Yes we need to put to the electorate our alternative policies, but we must ram home at every opportunity the facts of this government’s abject failure. If we do the latter, then it doesn’t make any sense to say we’ll continue said failure for our first two years. This is not 1997, nor as Osbourne found out in late 2008, the previous year ( he was committed to following Labour’s spending plans for two years).
We need a radical review of economic policy with the focus on aligning business the banks and What is best for the country as a whole. This will mean killing some sacred cows but so be it. Economic policy is not about being tough and running the economy like a business.
It was 2008 when we said it couldn’t go on the same way but it still is. Someone stand up and say that the current system, is broke, tired and doomed to go the same way again.
Before Labour decides to run with Tory spending limits, public sector pay ceilings of 1% or any other bit of Coalition orthodoxy, perhaps we should stop and think about what we want to achieve and where the money might come from. So far there have been very few glimpses of labour values in Labour’s assertions.
First of all, perhaps we should be asking where money might come from: How about the banks, more regulation thereof, an end to costly subsidisation of poverty-paying multi-nationals through tax credits while they avoid taxation, writing off of long-term PFI debt, a general assault on tax avoidance and a Maid Marion tax? Just a few ideas to begin with. Let’s not forget too that companies are sitting on a record £70 billion of reserves which are growing by the day. Boosting spending power through fair and equitable public sector pay might help boost the economy too!
If Labour is to have more than a chance of just winning the next election but having a long-term future and vision which merits the name of democratic socialism, then it also has to stand for solidarity and social cohesion.

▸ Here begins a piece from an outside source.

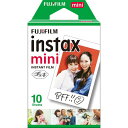 チェキフィルム INSTAX MINI JP1 インスタントフィルム インスタント フィルム チェキ チェキ用 インスタントカメラ …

This means a welfare state that is not based on rationing – though fair distribution should be at its core – but one based on need. It means public services which are designed to meet the real needs of users – not just respond to the clarion call of an unproven market which simply wastes the public pound and fails to deliver improvement. It means efficiency – with investment in management and staff.It is clear tio us all that privatisation of key services such as home care has only led to poverty pay, lack of training, call-cramming and a poor service – unlike that once provided by councils.
Could it just be that the brave decisions voters want Labour to make are not those of ongoing cuts, marketisation and further impoverishment of an already impoverished working class, but a new direction which requires irresponsible capital to foot its share of the bill now and in the future? It’s certainly wiorth a try because we are currently going nowhere.
“Ed Miliband has ruled out adopting the acceptance of the ‘spending envelope’ in welfare or, indeed, other areas. ”
Thanks for the good news – there’s no point, and no votes, in mimicking Tory failure, an alternative is needed.